* EXERCISE:
Please reproduce verbatim the lines below, from the first through the one with "Cartes postales Musee".

Records from a dataset
☆ ☆ ☆ ☆ ☆ ☆ ☆

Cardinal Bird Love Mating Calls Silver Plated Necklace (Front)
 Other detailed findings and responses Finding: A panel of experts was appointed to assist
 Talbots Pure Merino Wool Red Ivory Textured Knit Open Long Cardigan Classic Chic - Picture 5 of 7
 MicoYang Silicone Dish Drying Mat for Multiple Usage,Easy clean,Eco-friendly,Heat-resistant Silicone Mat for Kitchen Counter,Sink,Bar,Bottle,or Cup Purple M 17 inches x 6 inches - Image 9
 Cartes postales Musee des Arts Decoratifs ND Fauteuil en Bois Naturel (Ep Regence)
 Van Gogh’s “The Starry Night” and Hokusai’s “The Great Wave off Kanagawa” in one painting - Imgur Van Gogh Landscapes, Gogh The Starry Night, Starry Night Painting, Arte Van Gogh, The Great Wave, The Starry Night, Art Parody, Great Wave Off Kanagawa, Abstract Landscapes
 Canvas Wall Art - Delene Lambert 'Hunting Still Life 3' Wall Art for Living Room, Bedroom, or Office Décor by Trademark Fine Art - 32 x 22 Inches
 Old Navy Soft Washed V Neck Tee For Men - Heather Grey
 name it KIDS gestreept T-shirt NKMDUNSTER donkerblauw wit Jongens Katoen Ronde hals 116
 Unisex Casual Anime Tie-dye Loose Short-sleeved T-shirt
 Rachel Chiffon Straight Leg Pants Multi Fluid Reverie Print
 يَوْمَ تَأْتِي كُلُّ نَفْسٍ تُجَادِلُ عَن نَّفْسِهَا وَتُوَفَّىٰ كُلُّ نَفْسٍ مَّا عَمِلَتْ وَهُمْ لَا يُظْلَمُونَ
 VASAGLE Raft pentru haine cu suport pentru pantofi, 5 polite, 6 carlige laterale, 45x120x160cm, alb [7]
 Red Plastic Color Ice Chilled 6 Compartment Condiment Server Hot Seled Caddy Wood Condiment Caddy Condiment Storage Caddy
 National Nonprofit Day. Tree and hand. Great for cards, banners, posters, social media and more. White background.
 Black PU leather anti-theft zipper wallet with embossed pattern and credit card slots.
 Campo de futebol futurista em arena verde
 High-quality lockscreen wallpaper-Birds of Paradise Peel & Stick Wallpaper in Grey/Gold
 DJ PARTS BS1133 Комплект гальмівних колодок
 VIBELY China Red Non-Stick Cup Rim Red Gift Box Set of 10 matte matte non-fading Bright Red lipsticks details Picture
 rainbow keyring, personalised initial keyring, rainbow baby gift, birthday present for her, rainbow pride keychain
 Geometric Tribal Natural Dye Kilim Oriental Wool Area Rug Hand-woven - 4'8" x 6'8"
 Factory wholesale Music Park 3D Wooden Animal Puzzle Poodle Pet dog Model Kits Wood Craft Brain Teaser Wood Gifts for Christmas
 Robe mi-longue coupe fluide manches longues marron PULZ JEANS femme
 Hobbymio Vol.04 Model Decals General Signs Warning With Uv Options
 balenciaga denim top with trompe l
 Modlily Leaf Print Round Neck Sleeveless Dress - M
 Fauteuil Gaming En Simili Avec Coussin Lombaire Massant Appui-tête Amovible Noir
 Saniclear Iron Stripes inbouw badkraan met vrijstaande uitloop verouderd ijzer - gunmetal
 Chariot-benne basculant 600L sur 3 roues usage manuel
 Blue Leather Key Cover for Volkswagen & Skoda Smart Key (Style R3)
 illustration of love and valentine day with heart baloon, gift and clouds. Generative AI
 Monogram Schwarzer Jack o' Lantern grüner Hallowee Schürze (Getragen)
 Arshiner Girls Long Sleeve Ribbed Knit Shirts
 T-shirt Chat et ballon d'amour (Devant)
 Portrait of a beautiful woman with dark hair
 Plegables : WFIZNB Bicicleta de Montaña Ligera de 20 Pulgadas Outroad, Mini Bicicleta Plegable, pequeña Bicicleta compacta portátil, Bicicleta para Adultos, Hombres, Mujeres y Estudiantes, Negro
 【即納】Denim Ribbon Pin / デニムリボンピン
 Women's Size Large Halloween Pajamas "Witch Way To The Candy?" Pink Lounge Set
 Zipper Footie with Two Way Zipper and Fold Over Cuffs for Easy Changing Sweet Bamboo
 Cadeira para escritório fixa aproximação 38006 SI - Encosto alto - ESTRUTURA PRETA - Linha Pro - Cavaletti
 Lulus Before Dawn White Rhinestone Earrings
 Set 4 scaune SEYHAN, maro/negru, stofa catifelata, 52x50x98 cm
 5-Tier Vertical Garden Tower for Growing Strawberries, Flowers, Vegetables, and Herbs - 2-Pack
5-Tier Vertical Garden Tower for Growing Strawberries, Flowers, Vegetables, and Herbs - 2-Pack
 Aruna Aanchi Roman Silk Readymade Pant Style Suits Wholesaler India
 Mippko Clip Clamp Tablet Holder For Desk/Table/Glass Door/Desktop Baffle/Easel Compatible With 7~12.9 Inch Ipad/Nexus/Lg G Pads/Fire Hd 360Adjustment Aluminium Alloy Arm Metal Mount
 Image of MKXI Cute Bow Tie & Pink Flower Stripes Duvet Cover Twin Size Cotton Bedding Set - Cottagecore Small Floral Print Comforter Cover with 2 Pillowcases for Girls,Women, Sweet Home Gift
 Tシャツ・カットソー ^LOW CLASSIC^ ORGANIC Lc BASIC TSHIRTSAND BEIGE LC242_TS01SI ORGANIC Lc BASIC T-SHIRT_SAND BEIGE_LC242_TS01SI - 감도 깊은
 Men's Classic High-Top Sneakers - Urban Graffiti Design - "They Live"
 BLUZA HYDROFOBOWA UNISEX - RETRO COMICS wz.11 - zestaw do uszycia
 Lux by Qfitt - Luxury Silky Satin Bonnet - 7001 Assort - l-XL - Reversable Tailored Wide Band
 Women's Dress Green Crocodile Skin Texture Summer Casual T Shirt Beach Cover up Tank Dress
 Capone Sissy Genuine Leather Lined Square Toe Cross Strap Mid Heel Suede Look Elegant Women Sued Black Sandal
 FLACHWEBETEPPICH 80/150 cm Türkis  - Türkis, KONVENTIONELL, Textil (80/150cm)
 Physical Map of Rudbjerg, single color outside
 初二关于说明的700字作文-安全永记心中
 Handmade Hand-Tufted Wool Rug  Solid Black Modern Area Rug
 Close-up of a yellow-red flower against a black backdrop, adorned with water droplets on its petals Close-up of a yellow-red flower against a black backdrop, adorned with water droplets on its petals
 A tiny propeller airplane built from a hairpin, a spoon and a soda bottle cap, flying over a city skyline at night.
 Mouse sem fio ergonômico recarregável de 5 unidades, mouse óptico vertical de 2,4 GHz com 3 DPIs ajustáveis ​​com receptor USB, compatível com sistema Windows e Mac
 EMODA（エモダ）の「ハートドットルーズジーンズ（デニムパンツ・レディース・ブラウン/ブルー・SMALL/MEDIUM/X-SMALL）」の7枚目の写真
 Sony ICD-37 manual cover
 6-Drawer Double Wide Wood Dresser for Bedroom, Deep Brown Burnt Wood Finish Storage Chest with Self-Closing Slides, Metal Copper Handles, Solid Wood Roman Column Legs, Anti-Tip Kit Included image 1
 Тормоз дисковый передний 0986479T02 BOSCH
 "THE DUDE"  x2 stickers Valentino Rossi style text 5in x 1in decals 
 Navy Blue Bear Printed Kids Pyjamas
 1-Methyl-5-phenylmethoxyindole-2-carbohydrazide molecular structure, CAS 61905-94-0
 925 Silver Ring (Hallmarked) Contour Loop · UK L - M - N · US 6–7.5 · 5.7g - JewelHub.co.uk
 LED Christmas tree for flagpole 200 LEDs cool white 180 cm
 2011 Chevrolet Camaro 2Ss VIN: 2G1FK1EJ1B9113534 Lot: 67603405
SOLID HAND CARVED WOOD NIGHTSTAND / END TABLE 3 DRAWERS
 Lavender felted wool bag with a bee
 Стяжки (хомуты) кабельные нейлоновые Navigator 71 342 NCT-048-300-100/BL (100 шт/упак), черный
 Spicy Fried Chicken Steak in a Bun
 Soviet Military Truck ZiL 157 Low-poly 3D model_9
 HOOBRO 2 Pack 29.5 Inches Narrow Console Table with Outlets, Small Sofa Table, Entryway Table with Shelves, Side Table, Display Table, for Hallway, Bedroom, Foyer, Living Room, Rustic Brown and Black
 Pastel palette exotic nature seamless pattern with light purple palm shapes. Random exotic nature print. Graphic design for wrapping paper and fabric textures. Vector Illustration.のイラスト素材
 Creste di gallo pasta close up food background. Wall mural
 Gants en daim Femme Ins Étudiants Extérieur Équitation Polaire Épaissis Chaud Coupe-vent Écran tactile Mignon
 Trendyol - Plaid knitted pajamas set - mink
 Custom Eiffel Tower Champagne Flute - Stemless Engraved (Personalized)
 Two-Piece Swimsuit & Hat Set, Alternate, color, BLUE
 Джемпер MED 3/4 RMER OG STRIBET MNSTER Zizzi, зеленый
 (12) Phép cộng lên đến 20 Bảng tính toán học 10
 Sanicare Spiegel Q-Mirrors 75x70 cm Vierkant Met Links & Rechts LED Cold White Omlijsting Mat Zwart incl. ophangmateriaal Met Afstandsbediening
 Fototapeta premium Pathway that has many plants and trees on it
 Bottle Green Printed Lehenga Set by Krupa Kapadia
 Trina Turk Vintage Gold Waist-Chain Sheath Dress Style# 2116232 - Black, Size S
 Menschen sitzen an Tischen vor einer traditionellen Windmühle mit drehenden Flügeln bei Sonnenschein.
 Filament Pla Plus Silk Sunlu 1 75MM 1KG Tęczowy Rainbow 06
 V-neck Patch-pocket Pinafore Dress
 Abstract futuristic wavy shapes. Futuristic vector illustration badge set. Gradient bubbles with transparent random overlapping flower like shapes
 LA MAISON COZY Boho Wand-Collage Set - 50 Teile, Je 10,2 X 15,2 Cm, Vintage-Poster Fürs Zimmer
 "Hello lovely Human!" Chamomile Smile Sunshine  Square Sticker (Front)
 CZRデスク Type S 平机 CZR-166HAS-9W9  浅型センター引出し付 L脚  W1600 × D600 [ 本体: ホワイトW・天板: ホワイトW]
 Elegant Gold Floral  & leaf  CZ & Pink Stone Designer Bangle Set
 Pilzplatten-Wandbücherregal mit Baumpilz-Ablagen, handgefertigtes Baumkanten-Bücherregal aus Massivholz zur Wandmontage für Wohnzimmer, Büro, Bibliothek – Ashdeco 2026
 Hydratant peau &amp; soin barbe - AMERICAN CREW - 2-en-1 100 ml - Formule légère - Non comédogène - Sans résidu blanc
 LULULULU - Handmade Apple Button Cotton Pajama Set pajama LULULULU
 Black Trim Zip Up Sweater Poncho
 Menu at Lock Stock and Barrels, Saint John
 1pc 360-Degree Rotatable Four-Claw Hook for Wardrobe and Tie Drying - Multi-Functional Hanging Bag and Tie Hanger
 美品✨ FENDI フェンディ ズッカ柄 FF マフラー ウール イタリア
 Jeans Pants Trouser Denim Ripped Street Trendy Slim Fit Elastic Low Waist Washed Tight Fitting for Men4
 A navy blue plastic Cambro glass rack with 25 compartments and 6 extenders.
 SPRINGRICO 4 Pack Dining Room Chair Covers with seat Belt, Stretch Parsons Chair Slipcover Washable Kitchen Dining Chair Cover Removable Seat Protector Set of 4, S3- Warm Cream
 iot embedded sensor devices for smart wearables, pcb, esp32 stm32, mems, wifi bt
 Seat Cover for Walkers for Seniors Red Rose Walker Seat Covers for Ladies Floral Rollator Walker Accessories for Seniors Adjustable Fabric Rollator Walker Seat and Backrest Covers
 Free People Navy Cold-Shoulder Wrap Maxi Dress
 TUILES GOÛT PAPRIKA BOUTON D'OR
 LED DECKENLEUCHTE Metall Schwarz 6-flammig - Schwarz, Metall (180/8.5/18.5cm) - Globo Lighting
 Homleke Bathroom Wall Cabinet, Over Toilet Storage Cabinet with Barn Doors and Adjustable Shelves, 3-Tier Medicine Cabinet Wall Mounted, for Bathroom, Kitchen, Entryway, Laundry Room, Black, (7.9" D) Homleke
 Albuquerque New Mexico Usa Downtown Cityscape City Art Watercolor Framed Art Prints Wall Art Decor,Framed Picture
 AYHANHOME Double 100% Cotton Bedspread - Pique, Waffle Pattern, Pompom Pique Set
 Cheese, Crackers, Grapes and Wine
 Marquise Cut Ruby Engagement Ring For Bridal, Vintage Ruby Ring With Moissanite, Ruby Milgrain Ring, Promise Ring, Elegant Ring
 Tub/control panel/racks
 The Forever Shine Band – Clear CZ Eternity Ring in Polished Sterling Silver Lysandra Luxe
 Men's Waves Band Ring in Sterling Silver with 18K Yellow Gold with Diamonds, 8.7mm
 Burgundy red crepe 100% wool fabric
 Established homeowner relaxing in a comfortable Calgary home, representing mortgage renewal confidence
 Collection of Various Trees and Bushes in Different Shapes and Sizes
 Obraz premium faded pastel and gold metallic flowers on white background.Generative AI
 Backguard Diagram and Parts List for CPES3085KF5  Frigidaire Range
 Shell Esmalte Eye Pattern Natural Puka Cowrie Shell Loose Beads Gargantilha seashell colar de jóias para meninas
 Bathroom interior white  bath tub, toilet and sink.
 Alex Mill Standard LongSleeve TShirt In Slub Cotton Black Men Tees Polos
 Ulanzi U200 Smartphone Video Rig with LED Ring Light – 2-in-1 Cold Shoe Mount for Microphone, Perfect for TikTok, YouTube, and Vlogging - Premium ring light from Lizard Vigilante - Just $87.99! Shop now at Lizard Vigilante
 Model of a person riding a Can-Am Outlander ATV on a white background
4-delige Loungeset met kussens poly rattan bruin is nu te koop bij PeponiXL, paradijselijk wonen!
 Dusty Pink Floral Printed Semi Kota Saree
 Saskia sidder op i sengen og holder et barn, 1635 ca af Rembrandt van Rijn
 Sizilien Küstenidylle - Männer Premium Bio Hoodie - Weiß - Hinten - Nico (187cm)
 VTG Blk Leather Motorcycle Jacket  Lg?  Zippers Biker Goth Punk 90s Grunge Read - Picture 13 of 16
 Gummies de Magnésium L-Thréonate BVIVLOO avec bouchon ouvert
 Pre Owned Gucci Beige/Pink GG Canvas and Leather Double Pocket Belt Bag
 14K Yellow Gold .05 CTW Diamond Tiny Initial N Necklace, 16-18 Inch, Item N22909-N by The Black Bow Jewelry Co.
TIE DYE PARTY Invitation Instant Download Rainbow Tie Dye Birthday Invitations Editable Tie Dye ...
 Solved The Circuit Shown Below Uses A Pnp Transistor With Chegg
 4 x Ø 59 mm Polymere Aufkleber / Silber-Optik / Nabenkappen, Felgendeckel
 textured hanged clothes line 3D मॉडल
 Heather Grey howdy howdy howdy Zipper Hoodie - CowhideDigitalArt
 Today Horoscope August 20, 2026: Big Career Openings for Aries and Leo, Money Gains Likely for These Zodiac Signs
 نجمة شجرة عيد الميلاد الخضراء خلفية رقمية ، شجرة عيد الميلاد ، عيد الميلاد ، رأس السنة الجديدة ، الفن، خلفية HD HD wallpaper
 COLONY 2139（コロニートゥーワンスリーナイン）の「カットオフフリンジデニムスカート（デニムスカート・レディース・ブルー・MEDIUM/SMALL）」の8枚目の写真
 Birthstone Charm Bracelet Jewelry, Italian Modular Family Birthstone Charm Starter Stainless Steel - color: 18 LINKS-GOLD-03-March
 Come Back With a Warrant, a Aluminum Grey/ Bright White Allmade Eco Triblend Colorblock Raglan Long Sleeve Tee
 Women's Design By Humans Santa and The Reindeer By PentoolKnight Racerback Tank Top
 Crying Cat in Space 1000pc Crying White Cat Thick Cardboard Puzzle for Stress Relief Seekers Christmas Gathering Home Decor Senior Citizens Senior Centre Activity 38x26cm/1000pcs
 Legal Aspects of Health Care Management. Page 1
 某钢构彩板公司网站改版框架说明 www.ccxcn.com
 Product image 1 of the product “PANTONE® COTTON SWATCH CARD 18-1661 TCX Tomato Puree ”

☆ ☆ ☆ ☆ ☆ ☆ ☆

* RESPONSE TO THE TASK:
Cardinal Bird Love Mating Calls Silver Plated Necklace (Front)
 Other detailed findings and responses Finding: A panel of experts was appointed to assist
 Talbots Pure Merino Wool Red Ivory Textured Knit Open Long Cardigan Classic Chic - Picture 5 of 7
 MicoYang Silicone Dish Drying Mat for Multiple Usage,Easy clean,Eco-friendly,Heat-resistant Silicone Mat for Kitchen Counter,Sink,Bar,Bottle,or Cup Purple M 17 inches x 6 inches - Image 9
 Cartes postales Musee des Arts Decoratifs ND Fauteuil en Bois Naturel (Ep Regence)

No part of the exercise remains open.